> TO DO
From the line that holds "Stunning Vintage Chinese" to the last line of the data, copy everything exactly; leave out all the rest.

-- Opening Marker --

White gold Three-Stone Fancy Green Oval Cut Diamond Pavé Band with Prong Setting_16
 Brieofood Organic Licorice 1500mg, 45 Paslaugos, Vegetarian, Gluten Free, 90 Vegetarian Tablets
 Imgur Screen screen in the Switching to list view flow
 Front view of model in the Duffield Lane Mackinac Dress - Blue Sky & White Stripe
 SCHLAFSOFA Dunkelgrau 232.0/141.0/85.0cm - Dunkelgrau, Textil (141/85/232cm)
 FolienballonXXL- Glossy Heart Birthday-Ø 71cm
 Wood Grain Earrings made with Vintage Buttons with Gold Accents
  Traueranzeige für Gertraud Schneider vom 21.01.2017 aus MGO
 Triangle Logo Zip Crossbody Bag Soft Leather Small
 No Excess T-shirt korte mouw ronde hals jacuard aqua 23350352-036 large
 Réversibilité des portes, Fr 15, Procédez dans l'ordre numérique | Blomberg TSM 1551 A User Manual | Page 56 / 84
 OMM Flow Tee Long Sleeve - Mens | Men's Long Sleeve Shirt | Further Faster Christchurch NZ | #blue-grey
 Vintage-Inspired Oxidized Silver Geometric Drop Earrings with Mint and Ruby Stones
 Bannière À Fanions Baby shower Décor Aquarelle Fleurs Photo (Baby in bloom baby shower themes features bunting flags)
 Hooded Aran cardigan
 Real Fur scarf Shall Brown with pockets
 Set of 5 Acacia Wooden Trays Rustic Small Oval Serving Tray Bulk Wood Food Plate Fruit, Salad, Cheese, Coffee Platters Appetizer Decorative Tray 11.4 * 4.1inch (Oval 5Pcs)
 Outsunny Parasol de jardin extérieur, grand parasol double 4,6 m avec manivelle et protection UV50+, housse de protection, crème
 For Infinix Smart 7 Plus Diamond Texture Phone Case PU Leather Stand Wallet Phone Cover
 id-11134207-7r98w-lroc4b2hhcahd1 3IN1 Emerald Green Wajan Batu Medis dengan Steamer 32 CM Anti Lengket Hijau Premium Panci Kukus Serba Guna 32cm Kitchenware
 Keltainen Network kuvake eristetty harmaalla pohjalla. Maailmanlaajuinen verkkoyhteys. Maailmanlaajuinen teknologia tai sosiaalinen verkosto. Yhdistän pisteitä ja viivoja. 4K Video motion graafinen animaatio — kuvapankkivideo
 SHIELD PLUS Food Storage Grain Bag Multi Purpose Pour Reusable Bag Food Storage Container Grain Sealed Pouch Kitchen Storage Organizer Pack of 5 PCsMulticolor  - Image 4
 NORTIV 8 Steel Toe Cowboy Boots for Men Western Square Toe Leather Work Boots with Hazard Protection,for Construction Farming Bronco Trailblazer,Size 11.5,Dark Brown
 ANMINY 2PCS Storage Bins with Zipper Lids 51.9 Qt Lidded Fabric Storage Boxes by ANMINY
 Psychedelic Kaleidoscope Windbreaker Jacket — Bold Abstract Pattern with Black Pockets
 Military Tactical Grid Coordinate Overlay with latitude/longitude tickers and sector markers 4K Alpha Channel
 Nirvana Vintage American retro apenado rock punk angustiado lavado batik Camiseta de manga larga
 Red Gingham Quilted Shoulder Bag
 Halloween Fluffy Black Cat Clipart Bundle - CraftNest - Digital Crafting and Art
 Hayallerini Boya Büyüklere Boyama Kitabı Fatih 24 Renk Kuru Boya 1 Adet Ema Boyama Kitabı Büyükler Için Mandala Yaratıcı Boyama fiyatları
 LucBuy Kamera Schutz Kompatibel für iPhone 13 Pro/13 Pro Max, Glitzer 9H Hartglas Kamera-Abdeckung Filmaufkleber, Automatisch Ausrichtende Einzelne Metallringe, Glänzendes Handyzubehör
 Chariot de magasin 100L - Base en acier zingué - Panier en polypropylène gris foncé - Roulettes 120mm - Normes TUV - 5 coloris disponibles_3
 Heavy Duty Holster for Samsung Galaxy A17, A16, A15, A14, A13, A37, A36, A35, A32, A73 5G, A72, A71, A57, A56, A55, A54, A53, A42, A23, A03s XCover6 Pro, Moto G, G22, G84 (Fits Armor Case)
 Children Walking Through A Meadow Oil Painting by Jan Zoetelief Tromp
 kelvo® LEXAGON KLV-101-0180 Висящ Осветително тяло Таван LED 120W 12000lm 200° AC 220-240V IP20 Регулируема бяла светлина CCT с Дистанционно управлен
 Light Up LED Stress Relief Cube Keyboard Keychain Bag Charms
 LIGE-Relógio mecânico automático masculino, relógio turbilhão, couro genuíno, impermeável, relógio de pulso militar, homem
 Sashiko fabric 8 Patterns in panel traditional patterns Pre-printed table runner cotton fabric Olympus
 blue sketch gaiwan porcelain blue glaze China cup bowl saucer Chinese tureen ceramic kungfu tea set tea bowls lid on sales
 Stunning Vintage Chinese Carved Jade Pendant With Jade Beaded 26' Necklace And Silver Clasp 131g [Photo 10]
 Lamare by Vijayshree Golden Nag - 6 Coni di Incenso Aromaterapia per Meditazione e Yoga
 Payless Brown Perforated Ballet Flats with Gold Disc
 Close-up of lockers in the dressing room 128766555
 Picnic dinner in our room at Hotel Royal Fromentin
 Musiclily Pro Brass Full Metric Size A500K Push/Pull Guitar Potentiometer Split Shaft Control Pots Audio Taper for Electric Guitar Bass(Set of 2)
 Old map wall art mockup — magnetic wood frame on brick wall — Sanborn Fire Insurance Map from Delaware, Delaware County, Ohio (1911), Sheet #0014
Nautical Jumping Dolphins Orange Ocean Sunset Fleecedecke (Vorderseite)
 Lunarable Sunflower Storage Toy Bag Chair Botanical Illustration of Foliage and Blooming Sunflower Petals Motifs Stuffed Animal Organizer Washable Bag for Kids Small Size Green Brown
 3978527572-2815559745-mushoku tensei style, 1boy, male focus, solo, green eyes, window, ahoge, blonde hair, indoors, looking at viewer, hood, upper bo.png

-- Closing Marker --

> ANSWER FOR THIS EXERCISE
 Stunning Vintage Chinese Carved Jade Pendant With Jade Beaded 26' Necklace And Silver Clasp 131g [Photo 10]
 Lamare by Vijayshree Golden Nag - 6 Coni di Incenso Aromaterapia per Meditazione e Yoga
 Payless Brown Perforated Ballet Flats with Gold Disc
 Close-up of lockers in the dressing room 128766555
 Picnic dinner in our room at Hotel Royal Fromentin
 Musiclily Pro Brass Full Metric Size A500K Push/Pull Guitar Potentiometer Split Shaft Control Pots Audio Taper for Electric Guitar Bass(Set of 2)
 Old map wall art mockup — magnetic wood frame on brick wall — Sanborn Fire Insurance Map from Delaware, Delaware County, Ohio (1911), Sheet #0014
Nautical Jumping Dolphins Orange Ocean Sunset Fleecedecke (Vorderseite)
 Lunarable Sunflower Storage Toy Bag Chair Botanical Illustration of Foliage and Blooming Sunflower Petals Motifs Stuffed Animal Organizer Washable Bag for Kids Small Size Green Brown
 3978527572-2815559745-mushoku tensei style, 1boy, male focus, solo, green eyes, window, ahoge, blonde hair, indoors, looking at viewer, hood, upper bo.png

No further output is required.